## STORED DATA
-- Opening Marker --
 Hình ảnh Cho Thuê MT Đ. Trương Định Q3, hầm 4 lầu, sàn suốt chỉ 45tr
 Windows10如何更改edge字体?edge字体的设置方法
-- Closing Marker --
-- Opening Marker --
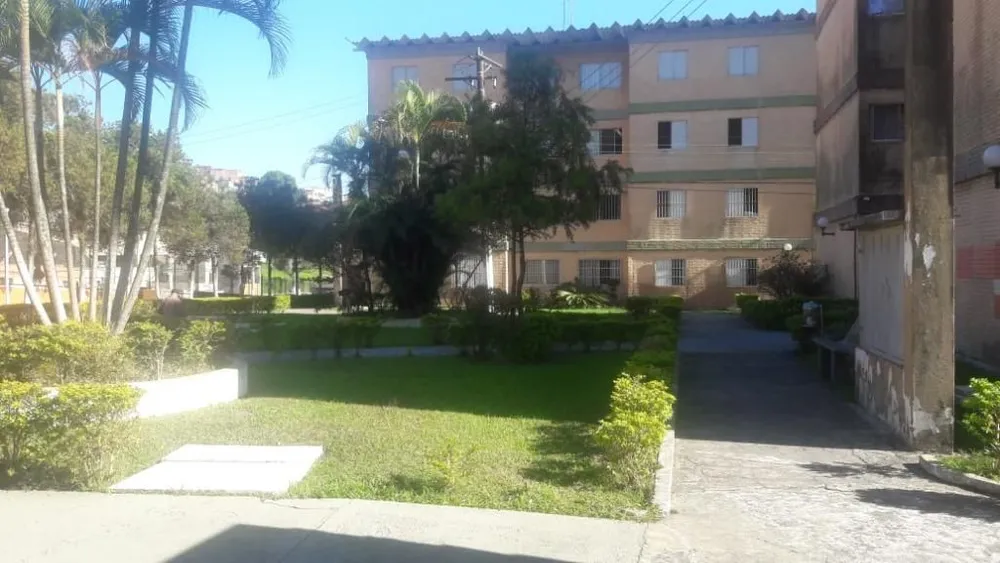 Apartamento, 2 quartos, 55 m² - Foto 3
-- Closing Marker --
-- Opening Marker --
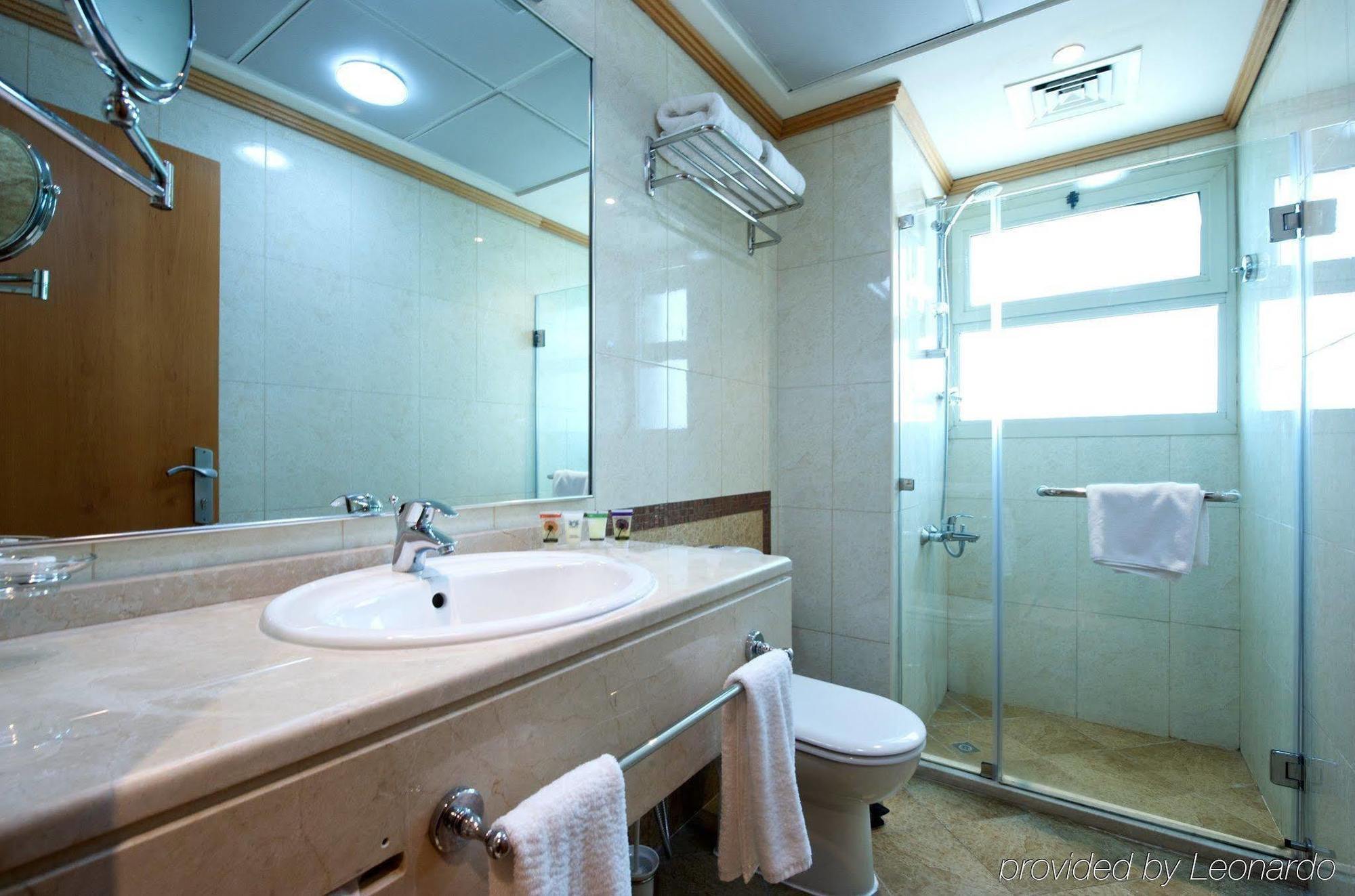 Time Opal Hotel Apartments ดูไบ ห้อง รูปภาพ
-- Closing Marker --
## TRY IT
What is needed is a verbatim copy of every line in the records above from the one containing "Hình ảnh Cho" down to the one containing "Windows10如何更改edge字体?edge字体的设置方法", both included, and nothing more.

## SOLUTION TO THIS EXERCISE
 Hình ảnh Cho Thuê MT Đ. Trương Định Q3, hầm 4 lầu, sàn suốt chỉ 45tr
 Windows10如何更改edge字体?edge字体的设置方法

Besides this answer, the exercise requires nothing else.